Top of INPUT DATA
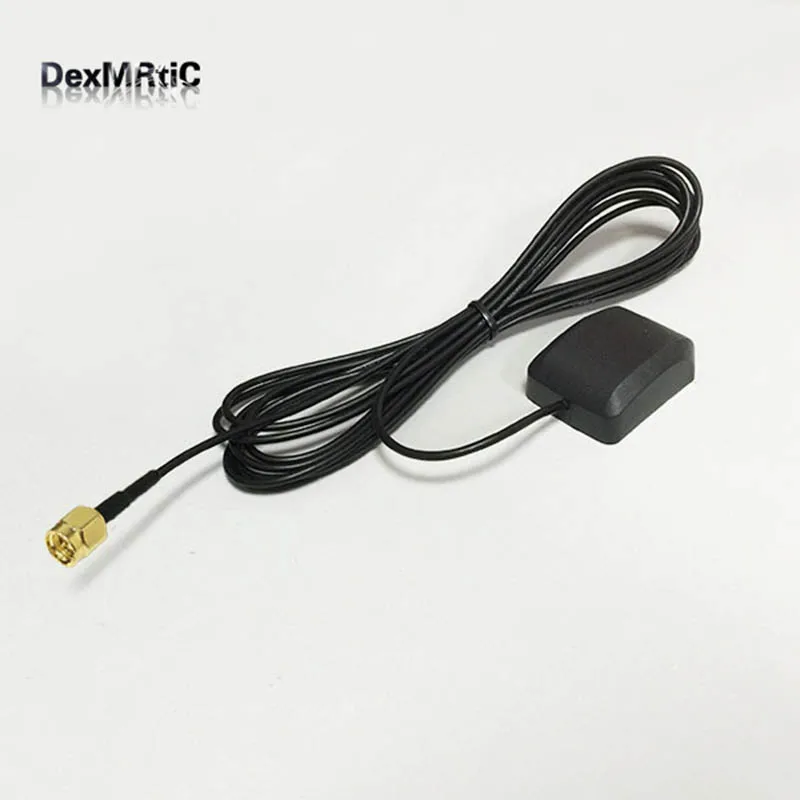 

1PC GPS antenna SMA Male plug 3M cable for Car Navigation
Bottom of INPUT DATA
Top of INPUT DATA
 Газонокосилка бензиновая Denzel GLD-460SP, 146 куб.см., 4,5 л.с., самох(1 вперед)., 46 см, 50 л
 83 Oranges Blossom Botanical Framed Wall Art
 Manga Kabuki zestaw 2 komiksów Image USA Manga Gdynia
Bottom of INPUT DATA
Top of INPUT DATA
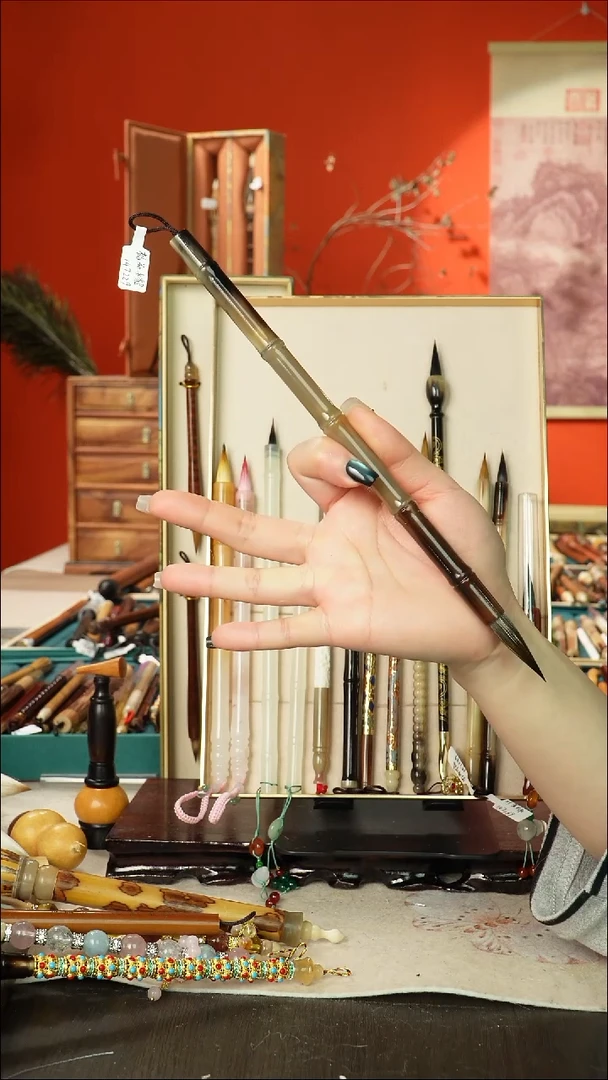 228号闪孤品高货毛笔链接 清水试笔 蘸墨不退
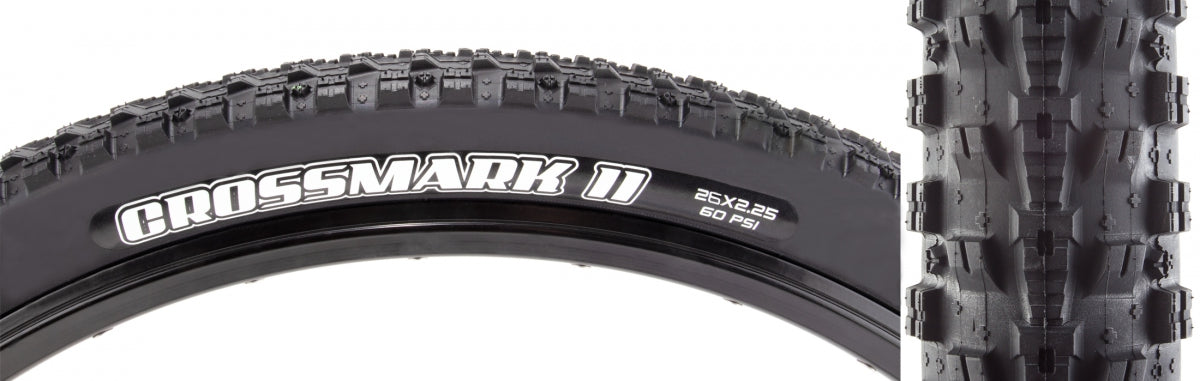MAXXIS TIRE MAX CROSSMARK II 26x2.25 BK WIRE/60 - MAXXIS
Bottom of INPUT DATA
ACTIVITY: Using the data above, repeat exactly the lines that begin at the line with "Газонокосилка бензиновая Denzel" and end at the line with "Manga Kabuki zestaw", both ends included.

ANSWER TO THIS PROBLEM:
 Газонокосилка бензиновая Denzel GLD-460SP, 146 куб.см., 4,5 л.с., самох(1 вперед)., 46 см, 50 л
 83 Oranges Blossom Botanical Framed Wall Art
 Manga Kabuki zestaw 2 komiksów Image USA Manga Gdynia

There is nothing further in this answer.